Arnold,
Here is my advice:
Don't do hardware-raid! Neither the real nor the "soft" hardware raid help
you
that much. What do you do when the controller fails?
Well, this is a stupid advice, unless you tell plutek also to get
everything else in his studio twice.
A hardware raid does all the computation for you and just passes along
the data you need. It also eats away a lot of stress through huge
buffers. With an Areca 1280 for example, I get 3GB/s for the first
second and ~1.5GB/s sustained on a RAID6.
With software raid, you have to transfer all data twice through the
system, you fuck up you caches, and the CPU has to do all the
computations. If you only have two drives, it doesn't matter that much.

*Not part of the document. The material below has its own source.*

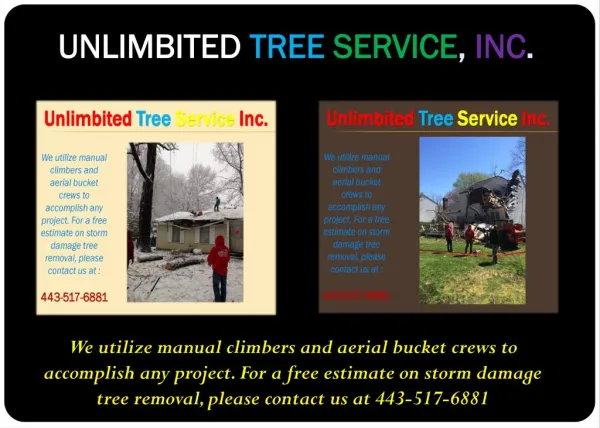 Storm Damage Tree Service Baltimore, MD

So it really depends on what you want to do and what your budget is. If
you have to avoid IO stress, go and get a decent RAID controller.
With a hardware-raid you have to have a second of the
same kind in stock to
get back the data on your disks. Don't even think about not having a spare
controller and buying one when yours fails.
This is only true if the on-disk format is not specified somewhere. If
you buy cheap shit, that may be and you may have to fiddle around to
extract the data. But it can be done.
The "reduced" throughput of a software-raid
is worth the ease of use. And its
not that "reduced" at all.
Again, it depends on the use case.
Oh, and use only raid1 or combinations of 0 and 1. For
all the others see
http://baarf.com.
Again, it depends on the use case. As a general rule, this is just wrong.